Repeat the data word for word, excluding every picture.

**Supplied data**
::::

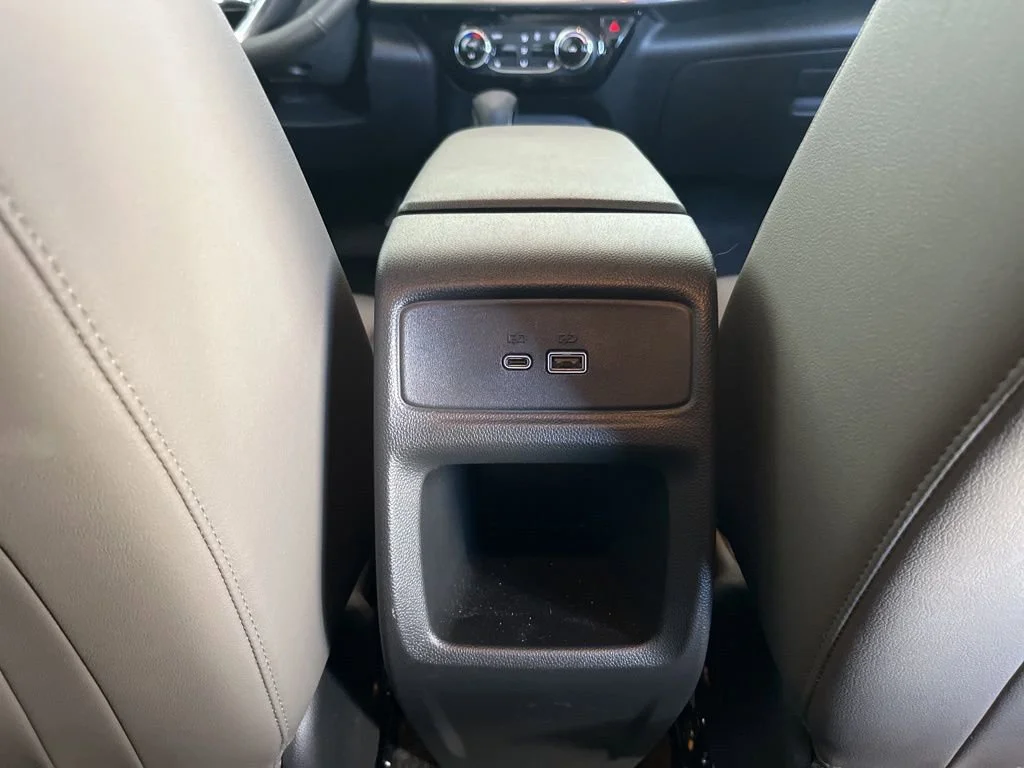 New 2025 Summit White Chevrolet ACTIV image 22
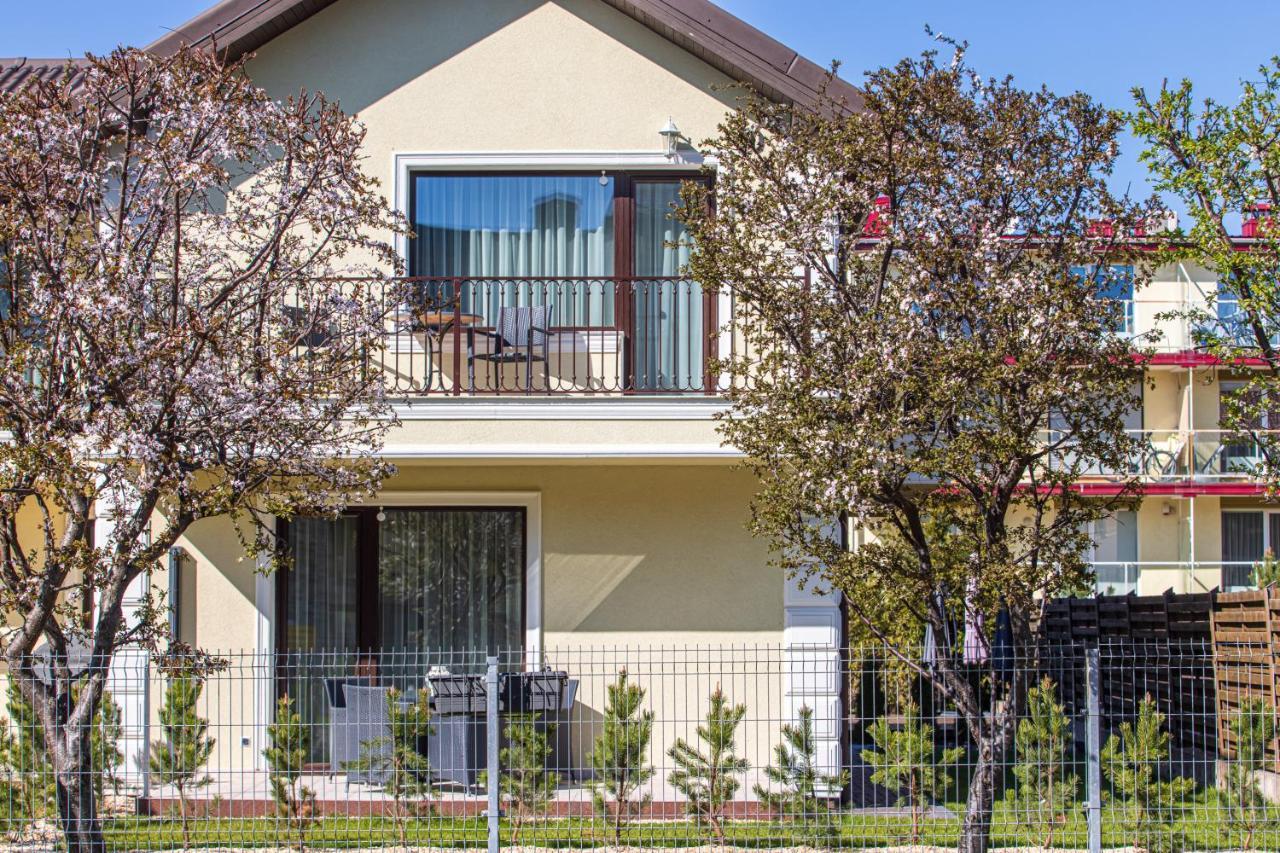 Sakura_Inn Palanga Exteriör bild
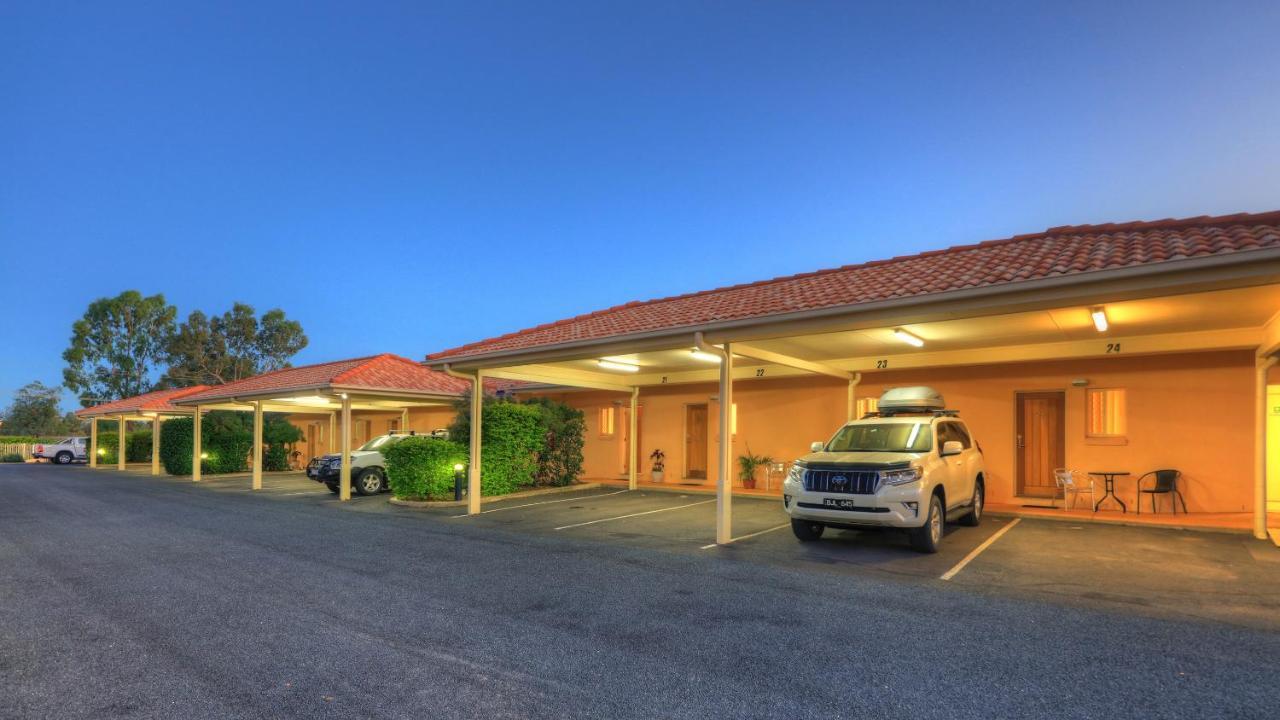 Country Roads Motor Inn Goondiwindi Exterior photo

::::

**Written answer**
 New 2025 Summit White Chevrolet ACTIV image 22
 Sakura_Inn Palanga Exteriör bild
 Country Roads Motor Inn Goondiwindi Exterior photo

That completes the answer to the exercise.